During the year new contents will be published simultaneously in the China Heritage Journal and on the China Heritage Annual site. The two are intertwined.


As with other aspects of China Heritage we call our approach New Sinology, that is a conjunction with the Chinese and Sinophone world that involves disparate strands of traditional Chinese writing and scholarship, 漢學, the Western (and Japanese) engagement with China since the late Ming, while remaining mindful of the complex and contentious histories of the Chinese world since the late-Qing period up to the modern day. In so doing, we emphasise the importance of Chinese culture in its broadest sense, one that incorporates elite and demotic traditions, the written heritage as well as thought, politics and society.
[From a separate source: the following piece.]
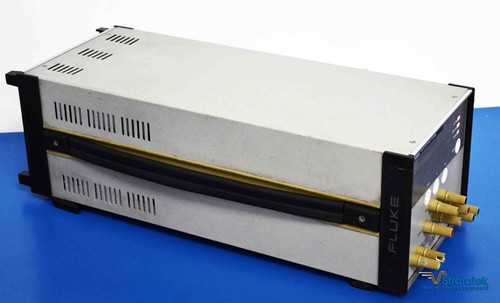 Fluke 732A DC Voltage Reference Standard 10V DC Calibration - Bild 5 von 7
New Sinology recognises the gravitational pull of Official China and celebrates Other Chinas as both in the twenty-first century are integral to Global China, in reality a Sinophone realm that for centuries has been part of the flows of ideas, things and people beyond formal borders and way stations, be they political, economic, academic or journalistic.

The Jiangning Imperial Silk Manufacturing Museum 江寧織造府博物館 opened on 1 May 2013. This museum-cum-theme park ‘re-imagineers’ links between the Qing-dynasty imperial factory, Nanking and the Cao Family, one member of which, Cao Xueqin 曹雪芹, is recognised as the author of The Story of the Stone 石頭記.